You can also try messing with the Luminance noise reduction in the hawk shot, and then do sharpening, though.. And if you hold down Option/Alt (on an Apple at least.. not sure if it's the same button on Windows..) you can see the "sharpening mask" as you adjust it, which essentially defines the sharpening edges.. It'll let you not sharpen the noise, while still sharpening the hawk. (Hold down option, and then click and drag the "Masking" bar under Sharpening, which is juuust above the Noise Reduction, you'll need for your second shot.).

As for a bigger lens, you're kinda limited..

You've got a 400 5.6, which doesn't really allow you to add an extender, because you lose autofocus..

You can get a 300 2.8, which will let you do a 1.4x extender which gets you 420 f/4 (about the same as your 400 5.6, so no real advantage there..), or a 2x extender getting you 600 f/5.6. Howeverrr, with a 2x extender, you really need to stop down another couple stops to get back to a crisp image.. so you're looking at not shooting faster than f/8 to f/11, which cann be limiting...

A 400 f/4 is sort of non-existant, except for the DO, which is crazy expensive..

Then there's the 500 f/4, 400 f/2.8, and 600 f/4... And they're all crazy expensive. And bigggg and heavy. And really, neither 500 or 600 give you a HUGE increase over 400mm.. BUT, they both offer you the ability to throw a 1.4x extender on them, which does help get that extra reach.

Also, if you were to upgrade to a 1dmk4, you lose a bit of the crop, so your 400mm doesn't reach as far, which will them make you bang your head into the wall even more, haha. : D Really, it's just a bigger lens you need..

Aaaand lastly, in my experience, the 7D is just kinda noisy.. But I really don't have a problem with it. And I would say it's consistently noisy from ISO 400 til ISO 1600.. I don't notice much of a difference. After that, though, contrast definitely falls off, and detail starts going, but I use ISO 3200 nooo problem! But definitely not if I'm doing a big crop.

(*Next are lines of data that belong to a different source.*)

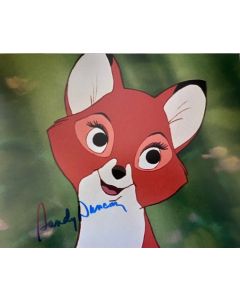 Sandy Duncan DISNEY The Fox and the Hound 1981 Signed 8x10 Photo #20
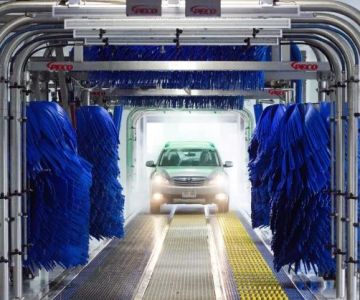 How Do Automatic Wash Brushes Affect Your Paintwork?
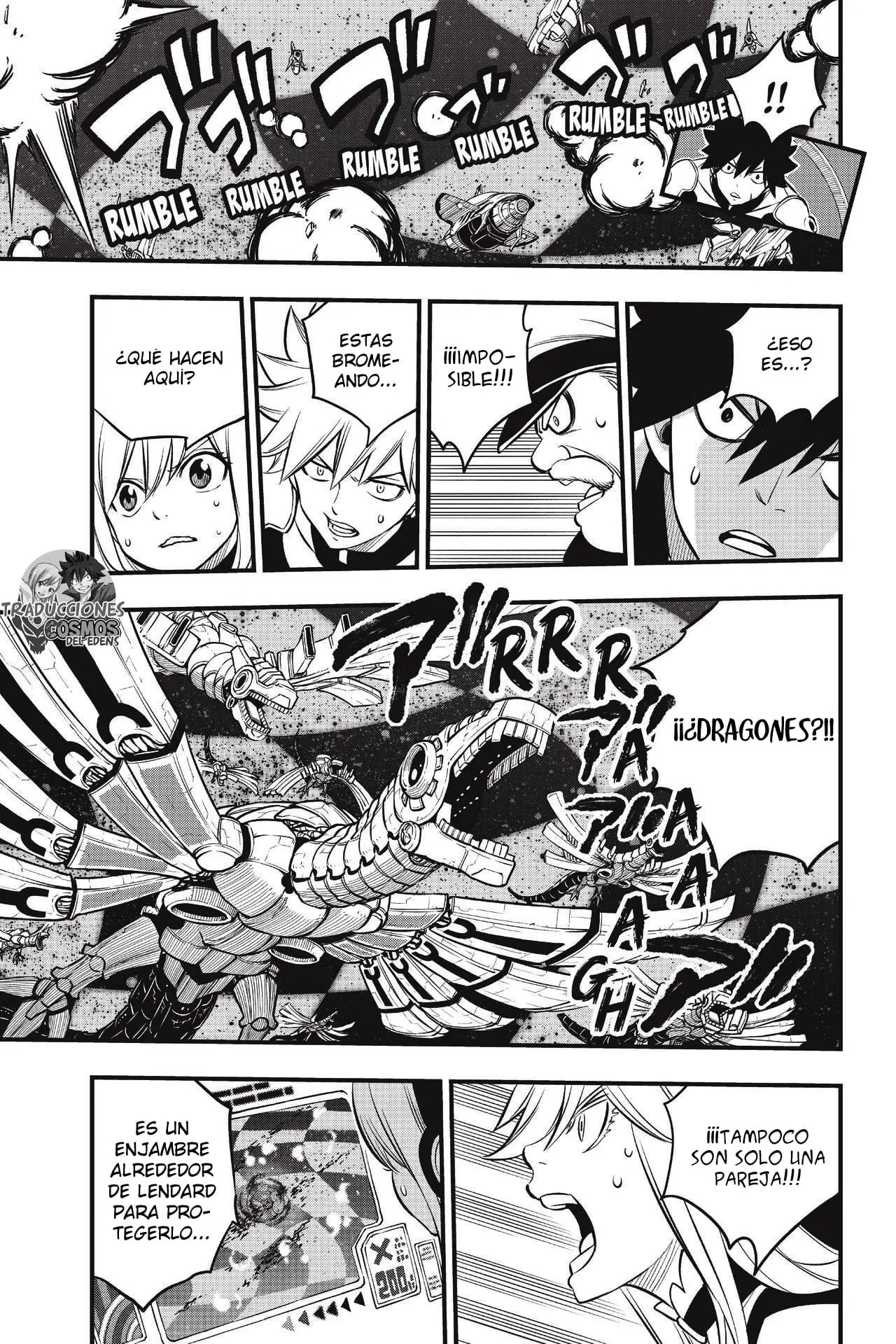 Edens Zero capítulo 181, página 18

And definitely I have no problem using it if I have substantial light.. Once you start pulling exposure, the higher ISOs are much more noticeable.


----------



## cookie (Apr 2, 2012)

Hello,I have just recently started using a 7d.Within the sample photos I agree that it is under exsposed.Are you using your histtorgram?Also iso seems a bit high.I shoot @100 most of the time.As for noise I have also shot @ night with 1600 no problem.Filters are also reccomended as well,weather it be uv or polarised.Post production I do is minor,i.e colour balance etc.I hope this helps.See photo for what 7d can do


----------



## westr70 (Apr 2, 2012)

Thank you all for your knowledge, experience, and you're willingness to share it with me and others who took note. I will keep my 7d and continue to practice with it and the software tips you've provided. Thank you all for your help, I truly appreciate it.


----------